**GIVEN RECORDS**
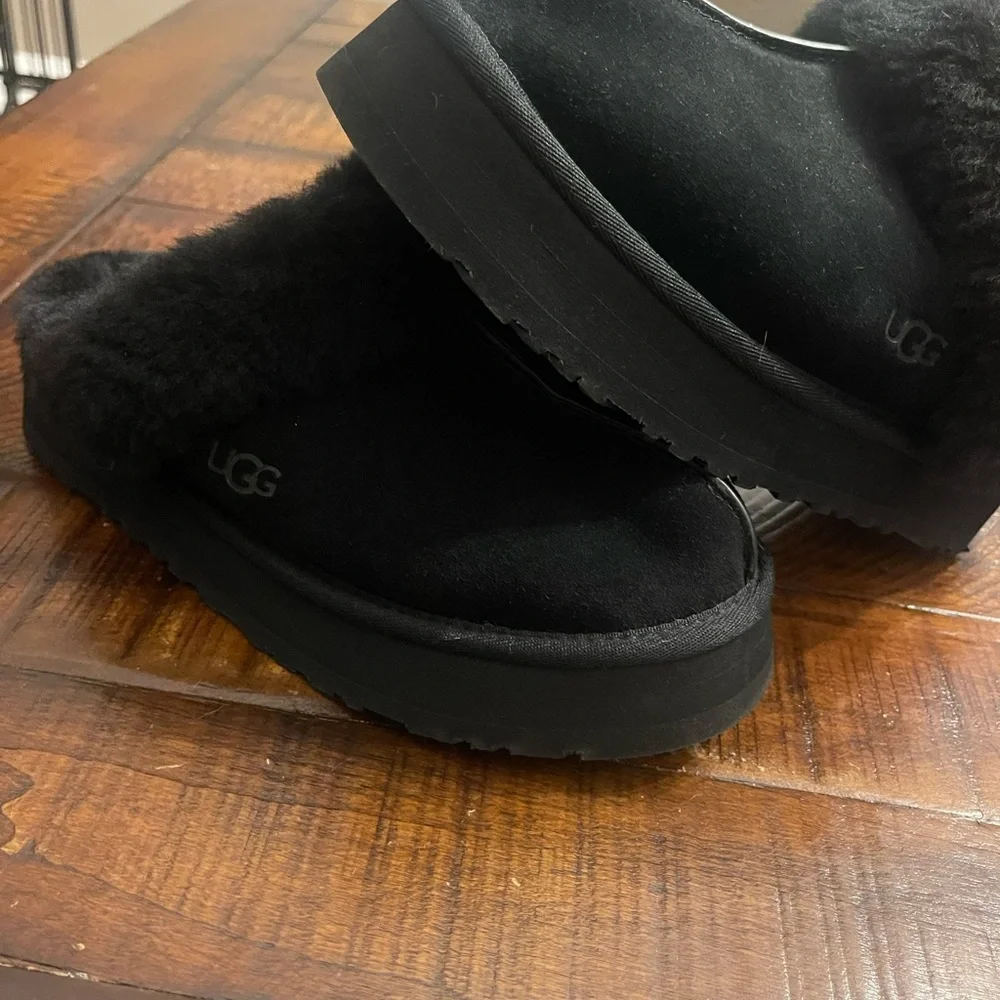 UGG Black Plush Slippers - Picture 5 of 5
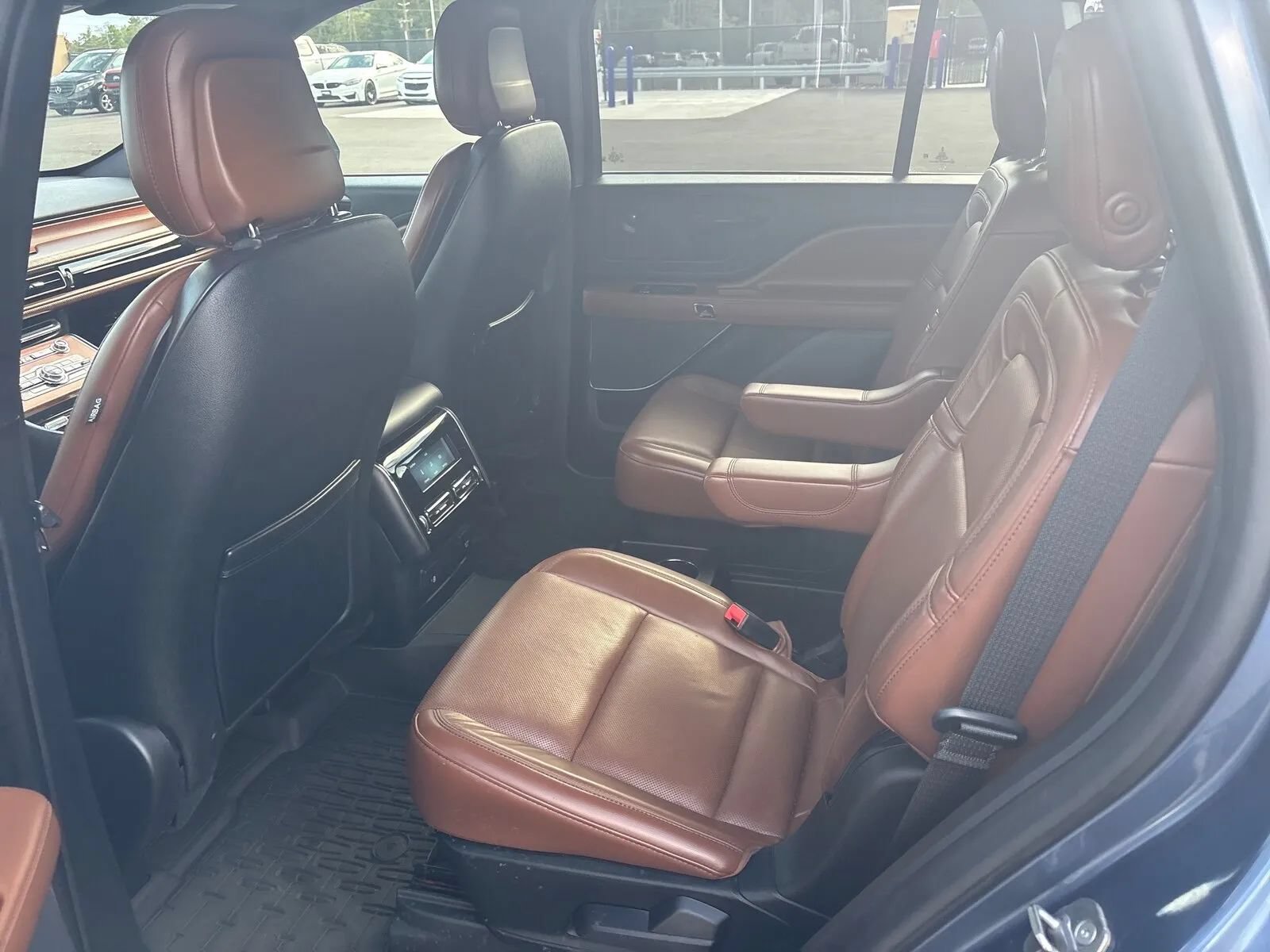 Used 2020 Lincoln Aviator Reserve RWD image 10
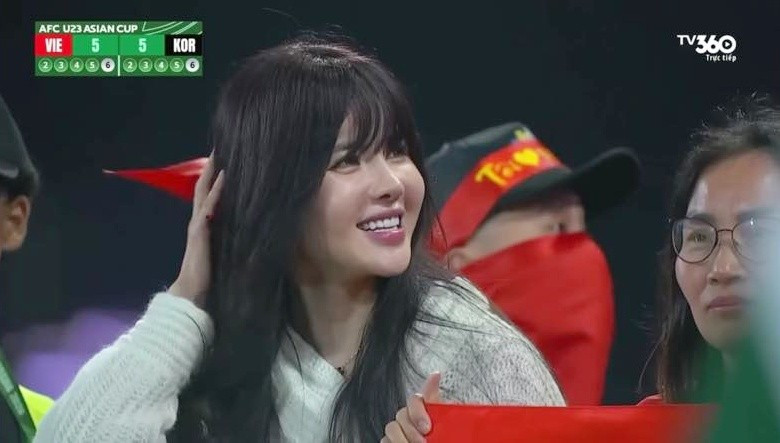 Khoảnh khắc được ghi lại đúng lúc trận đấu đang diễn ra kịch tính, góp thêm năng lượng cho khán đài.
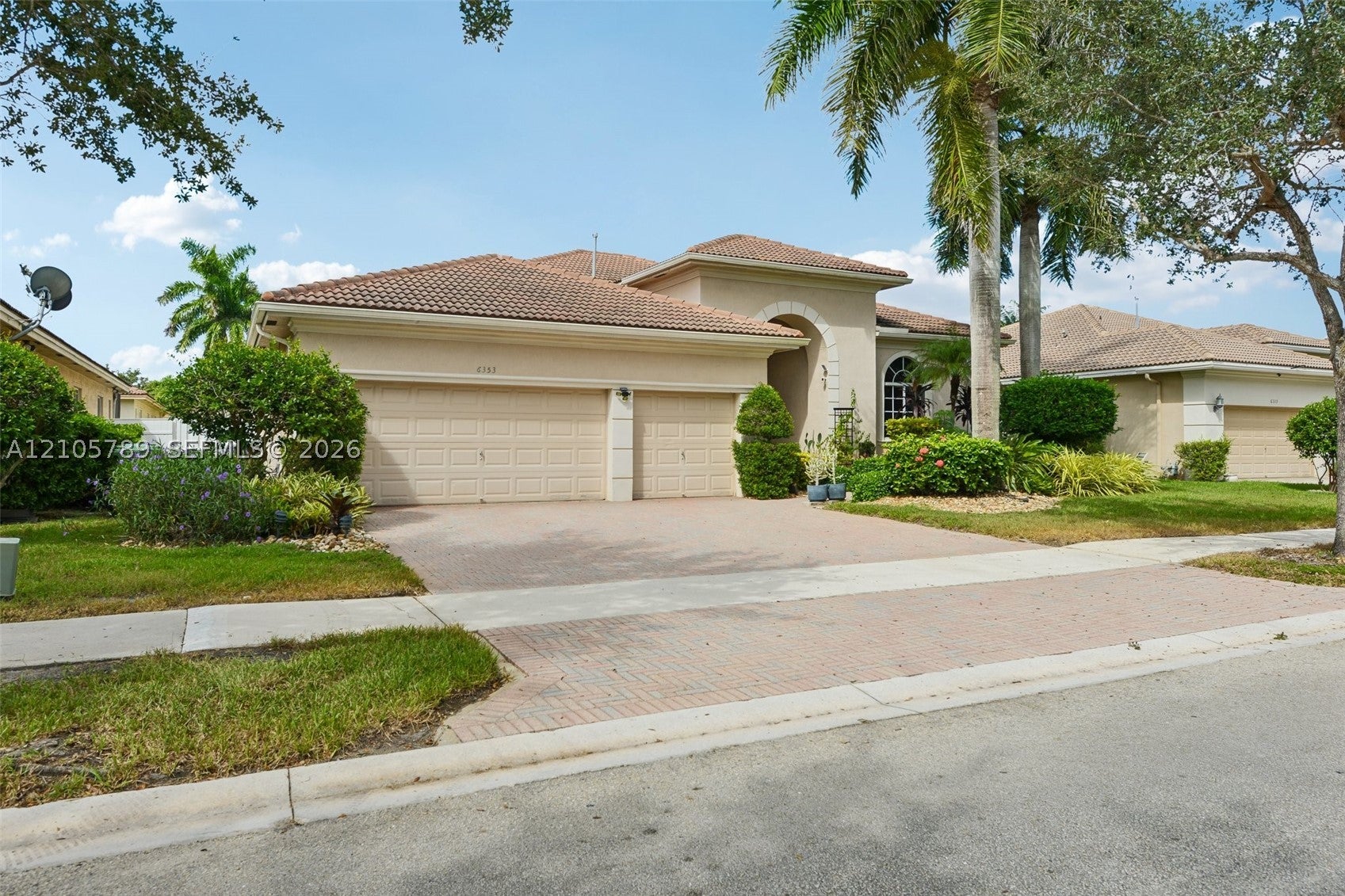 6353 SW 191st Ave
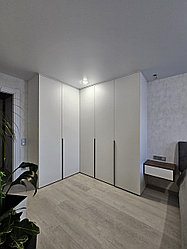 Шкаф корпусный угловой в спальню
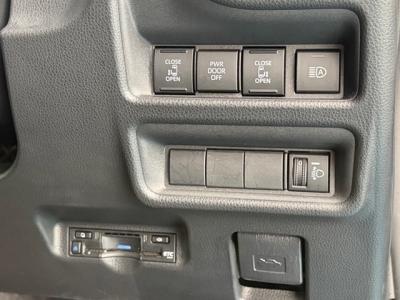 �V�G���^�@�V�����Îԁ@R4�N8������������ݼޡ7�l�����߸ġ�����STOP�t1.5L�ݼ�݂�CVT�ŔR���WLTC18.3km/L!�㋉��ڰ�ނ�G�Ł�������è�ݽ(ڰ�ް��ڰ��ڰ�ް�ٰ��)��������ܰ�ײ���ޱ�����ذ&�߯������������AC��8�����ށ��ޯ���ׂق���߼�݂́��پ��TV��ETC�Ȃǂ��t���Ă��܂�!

**TASK OBJECTIVE**
When you restate the listing, keep every word as it is and drop the pictures.

**ANSWER BOX**
 UGG Black Plush Slippers - Picture 5 of 5
 Used 2020 Lincoln Aviator Reserve RWD image 10
 Khoảnh khắc được ghi lại đúng lúc trận đấu đang diễn ra kịch tính, góp thêm năng lượng cho khán đài.
 6353 SW 191st Ave
 Шкаф корпусный угловой в спальню
 �V�G���^�@�V�����Îԁ@R4�N8������������ݼޡ7�l�����߸ġ�����STOP�t1.5L�ݼ�݂�CVT�ŔR���WLTC18.3km/L!�㋉��ڰ�ނ�G�Ł�������è�ݽ(ڰ�ް��ڰ��ڰ�ް�ٰ��)��������ܰ�ײ���ޱ�����ذ&�߯������������AC��8�����ށ��ޯ���ׂق���߼�݂́��پ��TV��ETC�Ȃǂ��t���Ă��܂�!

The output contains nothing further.